Jerman Tolak Taliban Bicara di Majelis Umum PBB, Tidak Ada Gunanya
- Dok. PBB
VIVA – Jerman menyuarakan penolakannya terhadap permintaan Taliban berbicara di hadapan Majelis Umum Perserikatan Bangsa Bangsa (PBB) atas nama Emirat Islam Afghanistan. Jerman mengatakan "pertunjukan" oleh penguasa baru Afghanistan itu tidak memiliki tujuan.
Dilansir dari Times of India, Komite Kredensial PBB sedang meninjau permintaan dari Taliban untuk berpidato di Majelis Umum PBB, yang masih diwakilkan oleh duta besar untuk PBB dari pemerintah Afghanistan yang digulingkan bulan lalu.
"Untuk menjadwalkan sebuah pertunjukan di PBB tidak akan menghasilkan apa-apa," kata Menteri Luar Negeri Jerman, Heiko Maas, kepada wartawan.

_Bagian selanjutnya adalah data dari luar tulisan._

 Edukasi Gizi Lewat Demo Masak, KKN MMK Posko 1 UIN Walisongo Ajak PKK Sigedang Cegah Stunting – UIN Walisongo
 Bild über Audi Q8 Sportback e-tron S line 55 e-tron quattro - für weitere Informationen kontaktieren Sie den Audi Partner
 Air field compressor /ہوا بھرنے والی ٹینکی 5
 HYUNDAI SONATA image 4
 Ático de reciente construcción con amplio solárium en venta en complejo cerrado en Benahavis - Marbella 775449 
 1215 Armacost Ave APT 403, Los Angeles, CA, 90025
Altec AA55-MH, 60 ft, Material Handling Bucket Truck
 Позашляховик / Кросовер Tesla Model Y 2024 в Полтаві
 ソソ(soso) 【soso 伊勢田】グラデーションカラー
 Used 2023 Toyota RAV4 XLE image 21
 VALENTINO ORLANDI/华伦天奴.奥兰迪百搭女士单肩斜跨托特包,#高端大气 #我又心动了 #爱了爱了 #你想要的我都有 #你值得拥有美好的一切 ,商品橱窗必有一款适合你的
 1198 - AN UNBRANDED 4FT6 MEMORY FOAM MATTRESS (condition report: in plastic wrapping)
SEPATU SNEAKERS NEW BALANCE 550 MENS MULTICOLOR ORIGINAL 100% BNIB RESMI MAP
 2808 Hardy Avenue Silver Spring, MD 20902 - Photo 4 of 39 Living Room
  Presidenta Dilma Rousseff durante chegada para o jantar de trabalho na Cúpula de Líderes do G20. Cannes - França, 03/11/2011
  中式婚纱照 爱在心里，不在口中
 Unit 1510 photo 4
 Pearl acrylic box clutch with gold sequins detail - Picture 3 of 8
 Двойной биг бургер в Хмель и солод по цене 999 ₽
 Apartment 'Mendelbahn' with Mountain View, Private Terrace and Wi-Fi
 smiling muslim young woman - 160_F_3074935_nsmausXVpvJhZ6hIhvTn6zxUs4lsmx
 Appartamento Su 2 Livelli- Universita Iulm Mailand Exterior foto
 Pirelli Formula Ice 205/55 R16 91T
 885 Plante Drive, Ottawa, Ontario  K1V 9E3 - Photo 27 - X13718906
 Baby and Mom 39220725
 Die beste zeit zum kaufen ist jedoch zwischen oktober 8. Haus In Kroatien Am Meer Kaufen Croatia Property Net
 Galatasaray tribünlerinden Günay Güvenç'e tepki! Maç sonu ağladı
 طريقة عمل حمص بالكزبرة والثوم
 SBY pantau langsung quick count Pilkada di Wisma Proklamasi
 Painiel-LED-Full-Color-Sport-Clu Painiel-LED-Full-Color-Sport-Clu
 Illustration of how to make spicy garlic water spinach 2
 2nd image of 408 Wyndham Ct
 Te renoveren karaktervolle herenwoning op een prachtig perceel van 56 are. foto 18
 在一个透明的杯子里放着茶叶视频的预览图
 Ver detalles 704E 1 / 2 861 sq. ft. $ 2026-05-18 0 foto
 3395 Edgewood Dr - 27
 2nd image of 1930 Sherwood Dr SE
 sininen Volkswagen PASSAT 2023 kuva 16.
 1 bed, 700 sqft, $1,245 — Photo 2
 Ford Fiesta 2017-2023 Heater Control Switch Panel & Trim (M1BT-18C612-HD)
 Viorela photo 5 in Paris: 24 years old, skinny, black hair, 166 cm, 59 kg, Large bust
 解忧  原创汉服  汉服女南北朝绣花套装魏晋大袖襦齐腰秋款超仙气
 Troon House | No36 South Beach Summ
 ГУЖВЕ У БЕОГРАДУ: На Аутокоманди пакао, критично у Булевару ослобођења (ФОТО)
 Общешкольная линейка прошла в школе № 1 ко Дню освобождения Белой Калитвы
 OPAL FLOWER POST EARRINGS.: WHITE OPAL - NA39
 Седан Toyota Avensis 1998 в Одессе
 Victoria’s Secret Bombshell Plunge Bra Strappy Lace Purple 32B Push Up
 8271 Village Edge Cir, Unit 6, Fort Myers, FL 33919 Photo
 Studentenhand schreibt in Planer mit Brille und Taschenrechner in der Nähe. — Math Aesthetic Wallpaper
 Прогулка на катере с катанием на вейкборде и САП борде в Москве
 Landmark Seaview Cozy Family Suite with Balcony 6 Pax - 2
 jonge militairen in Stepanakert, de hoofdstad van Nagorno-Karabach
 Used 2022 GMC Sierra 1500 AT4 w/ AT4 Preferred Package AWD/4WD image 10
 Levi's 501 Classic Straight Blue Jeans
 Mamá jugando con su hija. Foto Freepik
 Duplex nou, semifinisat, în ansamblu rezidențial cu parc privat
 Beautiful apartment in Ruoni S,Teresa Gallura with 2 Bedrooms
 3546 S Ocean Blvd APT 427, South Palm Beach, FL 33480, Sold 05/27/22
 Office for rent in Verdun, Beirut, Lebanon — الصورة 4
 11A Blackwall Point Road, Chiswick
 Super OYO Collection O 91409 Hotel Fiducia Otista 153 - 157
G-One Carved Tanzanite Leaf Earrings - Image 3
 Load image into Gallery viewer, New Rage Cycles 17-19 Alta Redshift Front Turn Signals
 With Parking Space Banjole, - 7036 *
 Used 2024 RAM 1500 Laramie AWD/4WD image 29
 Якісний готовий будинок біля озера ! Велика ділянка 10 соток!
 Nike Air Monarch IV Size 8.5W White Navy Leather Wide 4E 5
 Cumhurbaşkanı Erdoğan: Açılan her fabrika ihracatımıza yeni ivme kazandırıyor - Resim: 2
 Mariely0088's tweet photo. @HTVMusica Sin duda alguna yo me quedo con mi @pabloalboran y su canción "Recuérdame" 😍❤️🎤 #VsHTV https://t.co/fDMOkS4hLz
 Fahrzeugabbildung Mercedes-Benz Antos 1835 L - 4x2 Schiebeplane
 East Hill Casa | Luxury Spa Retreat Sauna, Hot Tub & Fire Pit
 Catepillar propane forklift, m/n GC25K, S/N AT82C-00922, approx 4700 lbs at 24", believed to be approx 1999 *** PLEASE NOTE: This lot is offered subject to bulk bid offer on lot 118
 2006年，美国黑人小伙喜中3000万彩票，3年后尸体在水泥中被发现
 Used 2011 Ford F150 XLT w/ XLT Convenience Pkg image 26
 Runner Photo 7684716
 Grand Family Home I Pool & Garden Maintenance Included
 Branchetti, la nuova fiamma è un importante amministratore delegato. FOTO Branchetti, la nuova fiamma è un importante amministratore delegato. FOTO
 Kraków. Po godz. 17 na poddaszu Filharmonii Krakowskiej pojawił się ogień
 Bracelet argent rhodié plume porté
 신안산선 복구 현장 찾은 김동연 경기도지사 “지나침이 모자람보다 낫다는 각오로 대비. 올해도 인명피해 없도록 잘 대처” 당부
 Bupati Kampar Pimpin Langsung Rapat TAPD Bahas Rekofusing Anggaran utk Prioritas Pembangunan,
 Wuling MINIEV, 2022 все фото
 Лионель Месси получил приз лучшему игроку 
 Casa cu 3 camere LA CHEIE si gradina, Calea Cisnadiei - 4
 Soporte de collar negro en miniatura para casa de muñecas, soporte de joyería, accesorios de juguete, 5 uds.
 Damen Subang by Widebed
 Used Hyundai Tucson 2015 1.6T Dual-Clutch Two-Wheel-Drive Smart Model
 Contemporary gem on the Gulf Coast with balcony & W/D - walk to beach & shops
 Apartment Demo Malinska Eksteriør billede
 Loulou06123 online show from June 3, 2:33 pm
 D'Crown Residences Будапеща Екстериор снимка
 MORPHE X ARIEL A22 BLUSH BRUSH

"Yang penting adalah tindakan nyata dan bukan hanya kata-kata, termasuk hak asasi manusia dan khususnya hak-hak perempuan dan pemerintahan yang inklusif dan menjauhkan diri dari kelompok teroris," ujar Menlu Jerman itu.
Maas mengatakan, penting untuk berkomunikasi dengan Taliban, tetapi dia juga menegaskan Majelis Umum PBB bukan tempat yang tempat untuk itu.
Seorang pejabat senior Amerika Serikat menyarankan Komite Kredensial, yang beranggota sembilan negara termasuk Jerman dan AS, tidak akan membuat keputusan sebelum Majelis Umum berakhir pada Senin. "Ini akan membutuhkan waktu untuk mempertimbangkannya," kata pejabat itu.
Afghanistan sendiri dijadwalkan untuk memberi pidato terakhir pada hari terakhir Sidang Majelis Umum PBB pada 27 September mendatang, tetapi belum jelas siapa yang akan mewakili negara Asia Selatan itu. Saat Taliban menguasai Afghanistan pada tahun 1996-2001 silam, PBB menolak mengakui pemerintahan mereka.
Pemerintah Taliban telah meminta agar Suhail Shaheen yang merupakan perwakilan baru mereka di PBB diizinkan untuk berpidato di depan sesi ke-76 Majelis Umum PBB, yang saat ini sedang berlangsung di New York.
Berbicara kepada kantor berita The Associated Press, Shaheen mengatakan: "Kami memiliki semua persyaratan yang diperlukan untuk pengakuan pemerintah, jadi kami berharap PBB, sebagai badan dunia yang netral, mengakui pemerintah Afghanistan saat ini."